# DATA EXCERPTS
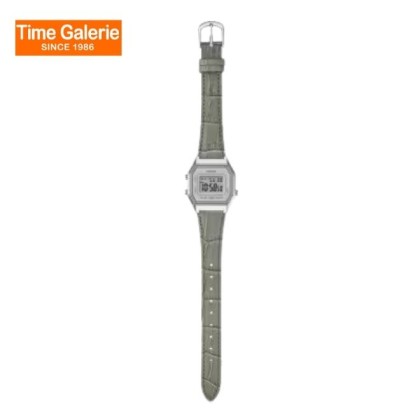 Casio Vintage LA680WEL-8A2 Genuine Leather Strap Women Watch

==

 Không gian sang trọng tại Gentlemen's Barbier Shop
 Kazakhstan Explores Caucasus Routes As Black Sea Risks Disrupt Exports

# TASK
The answer is the lines above between the line holding "Không gian sang" and the line holding "Kazakhstan Explores Caucasus", inclusive, each written out exactly, and no others.

# SOLUTION
 Không gian sang trọng tại Gentlemen's Barbier Shop
 Kazakhstan Explores Caucasus Routes As Black Sea Risks Disrupt Exports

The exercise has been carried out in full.